In one of the greatest scenes of Western literature, the enraged warrior, Achilles, unbeaten and unbeatable, stands outside his tent on the beach of Troy, while three ambassadors beg him to rejoin the battle.  Achilles, unmoved by their arguments and their tears, answers, “I hate that man like the very Gates of Death who says one thing but hides another in his heart.  So I will say it outright.  Will Agamemnon win me over?  Not for all the world…Not now that he has torn my honor from my hands.”
It is a shockingly powerful passage—shocking and heart-wrenching—but also somewhat confusing.  After all, we moderns have to ask ourselves, how could anyone steal another man’s honor?  Well, scholars have written whole books on the topic, but the long and short of it is this: The Greeks of the Bronze Age measured their honor in stuff and in reputation: time´ and kleos were the words they used—sometimes you hear it translated “honor and glory”.
Time´ was measured in stuff.  The more stuff you had, the more honor.  And if someone took your stuff, they literally took your honor.  If someone stole a Greek hero’s cow, they stole one cow’s worth of honor.  Similarly kleos (or glory) was determined by popular opinion.  So if someone insulted a Greek warrior in public, he literally damaged that man’s glory.
So when Agamemnon, the general of the Greeks, publicly seizes Achilles’ slave-girl, he literally steals one slave worth of honor, and Achilles never gets over it.  Because honor is a zero-sum game.  The more of it you get, the less I have.

Now the reason I tell you this story is to give you a sense of how radical Christianity was when it came along.  That story, The Iliad—it was the Bible of the Ancient Western World; but when Jesus showed up, he turned their whole system of honor on its head.  Jesus said that the poor would rule the kingdom of God and the humble would inherit the earth.
Today, we celebrate the Feast of the Apostles Simon and Jude—two men who owned nothing and about whom we know very little.  Saint Jude was confused with Judas so often that he eventually became the patron of lost causes. What’s more, the gospel writers themselves couldn’t seem to keep his name straight: John calls him “Judas – but not the Iscariot!” Luke calls him “Jude the brother of James,” and Matthew calls him “Thaddeus.”  Nothing is said about him in any of the gospels except that he asked one question, and not a very good one.  He says, “Lord, what’s this?” (Jn 14:22).  And that’s it.  There’s a New Testament letter that bears his name, but most scholars agree that someone else probably wrote it for him.  And we know even less about Simon.  Mostly, he goes by “not Simon Peter”.  Luke calls him “Simon the Zealot,” Matthew and Mark call him “Simon the Canaanite.”  And that’s pretty much it for Simon.
A Feast like this would have baffled Achilles.  Simon and Jude died without time´ or kleos.  No honor or glory here—not by Ancient Greek standards.  And come to think of it, Simon and Jude come up rather short by modern standards as well…even by our standards here at this school.
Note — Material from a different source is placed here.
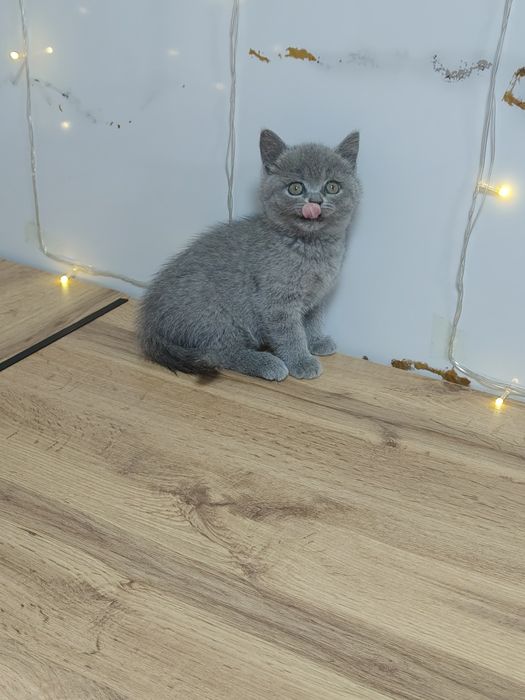 Котята Шиншилла и Классика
You compete for honor and glory with other schools and in athletic events; you compete among yourselves.  Priory is, as they say, a “highly competitive school.”  Many of you hope to attend “highly competitive universities.”  And that’s a good thing.  I mean, no one enters a competition hoping to lose, right?
I remember, though, when I was on the swim team in high school, there was a poster in the locker room that read: “No one remembers who came in second.”  And that, in retrospect, strikes me as rather the wrong attitude as well.
            So what is the right attitude?  Well, Saint Paul says, “Do you not know that the runners in the stadium all run in the race, but only one wins the prize?  So run to win.”  And Saint Benedict actually encourages his monks to compete with one another.  “Let each strive to be first,” he says.  Though, as usual, the logic of true Christianity moves in a radically new direction.  “Let them strive to be first” says Saint Benedict, “first to honor one another.”  They must compete with one another in obedience.  No one, he says, should pursue what he judges advantageous to himself, but rather what benefits others.  Imagine a race where all the runners were trying to help each other win.  Admittedly, it wouldn’t be much of a spectator sport.  But true honor—the honor that comes from a virtuous life—that is not a zero-sum game.  Because the prize is infinite.  Every athlete exercises discipline in every way,” says Saint Paul, “They do it to win a perishable crown, but we do it for an imperishable crown.  Heaven is the finish line, and there’s only first place when you get there.
            Now, there have been great saints who were famous authors, brilliant scholars, powerful politicians, and successful businessmen.  There have even been great saints who were great warriors.  [I’m going to go off-script here for a second so I can tell you about one of my favorite saints.  His name was Gabriel Possenti, and he was an Italian Seminarian at a time when Italy was more or less run by gangs of armed thugs.  Anyway, one afternoon, one of these gangs came into town and started stealing stuff and burning down houses.  Gabriel Possenti came running out of the seminary to find the thugs in the middle of the town square torchuring a young woman.  So he ran into the middle of the group and started shouting for them to stop.  Of course, they wouldn’t listen to him, so he wrestled a pistol away from one of them and said, “I’ll shoot the next man who touches her.”  One of the thugs pointed out that there were only six bullets in the gun, so Saint Gabriel (who, it turned out, happened to be a sharp-shooter) turned around and shot a lizard off the wall behind him and said, “Now there’s only five bullets in the gun.  Who’s next?”  The brigands were so impressed, they went around to the various houses and returned what they had stolen—and helped put the fires out!  Now that’s my kind of saint!  That’s the kind of saint who would have impressed Achilles.]  But today, we are celebrate the Feast of two anonymous saints, and they are just as important.  Saint Therese of Lisieux put it this way: “The splendor of the rose and the whiteness of the lily do not rob the little violet of it’s scent nor the daisy of its simple charm. If every tiny flower wanted to be a rose, spring would lose its loveliness.”  Yeah, it’s corny.  But it’s also true.  Some of us aren’t ever going to be rich or famous or powerful.  But we can all be saints.  And this feast is for us.

Fr. Ambrose's L.C.C.

Father Ambrose has been compiling a correlation between the lectionary, the catechism...a sort of resource for priests who want to use the catechism to help construct homilies.  It can also be a useful resource for laypeople looking for meditations on the Sunday readings.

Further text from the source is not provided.